*TASK*: Print exactly the lines that run from the first line of the material to the line containing "Hey everyone, I'm", both ends included, and skip the pictures.

*DATASET SECTION*:

[Start of Attachment]

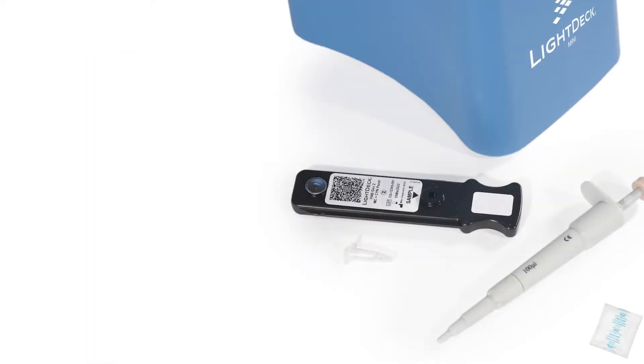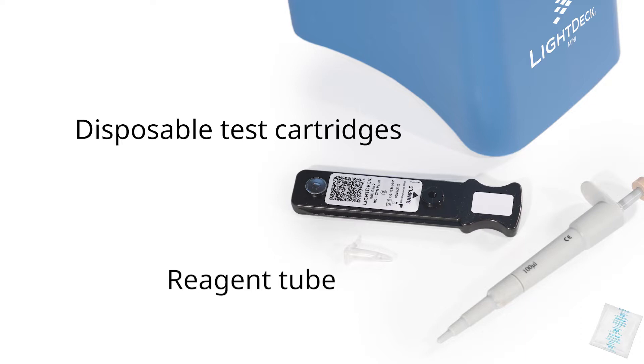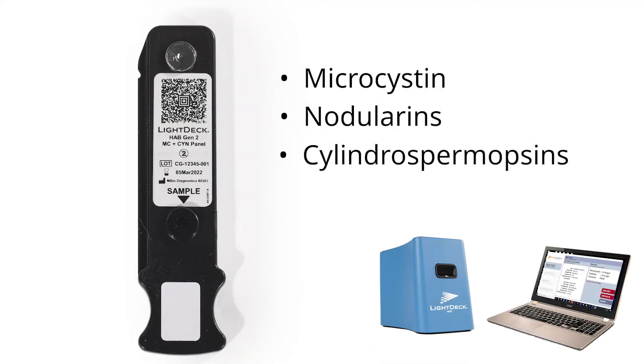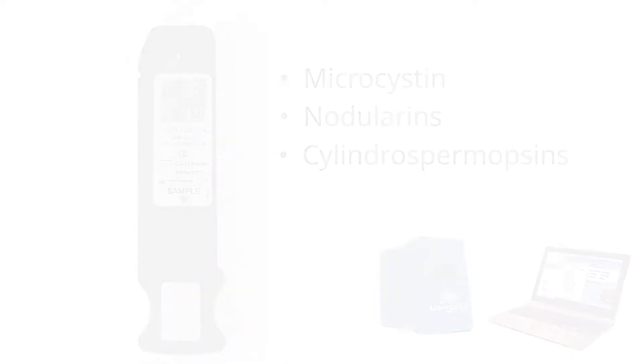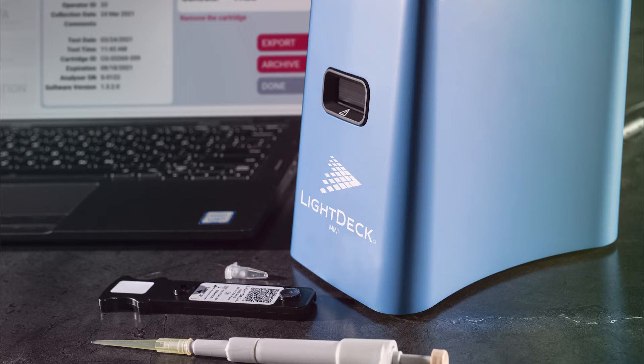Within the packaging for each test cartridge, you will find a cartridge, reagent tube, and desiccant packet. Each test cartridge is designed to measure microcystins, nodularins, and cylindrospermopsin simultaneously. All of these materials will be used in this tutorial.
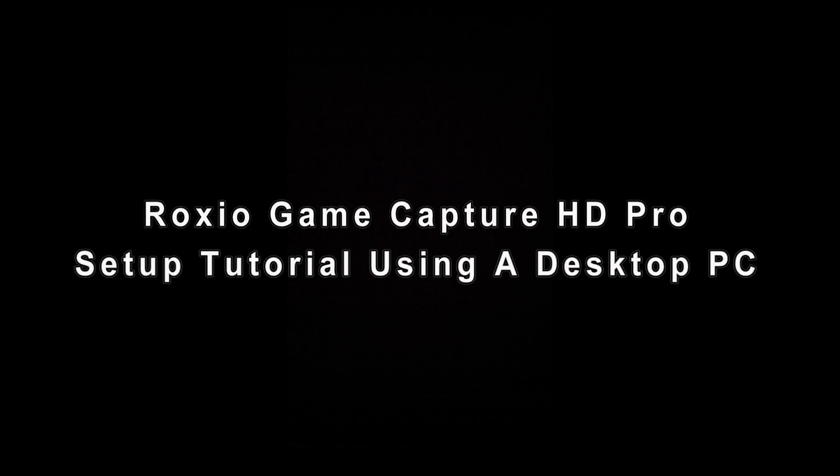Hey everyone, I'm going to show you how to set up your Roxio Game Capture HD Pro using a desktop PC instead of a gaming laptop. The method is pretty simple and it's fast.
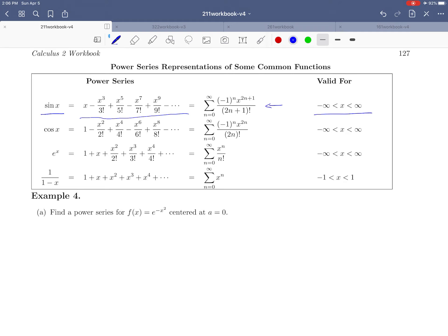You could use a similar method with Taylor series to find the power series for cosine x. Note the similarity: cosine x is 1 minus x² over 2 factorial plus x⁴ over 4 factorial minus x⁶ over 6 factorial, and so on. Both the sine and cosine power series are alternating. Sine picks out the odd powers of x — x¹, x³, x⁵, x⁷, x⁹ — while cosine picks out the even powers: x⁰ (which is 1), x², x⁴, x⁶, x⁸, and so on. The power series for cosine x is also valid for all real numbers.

[End of Attachment]

*OUTPUT FOR THIS EXERCISE*:
Within the packaging for each test cartridge, you will find a cartridge, reagent tube, and desiccant packet. Each test cartridge is designed to measure microcystins, nodularins, and cylindrospermopsin simultaneously. All of these materials will be used in this tutorial.
Hey everyone, I'm going to show you how to set up your Roxio Game Capture HD Pro using a desktop PC instead of a gaming laptop. The method is pretty simple and it's fast.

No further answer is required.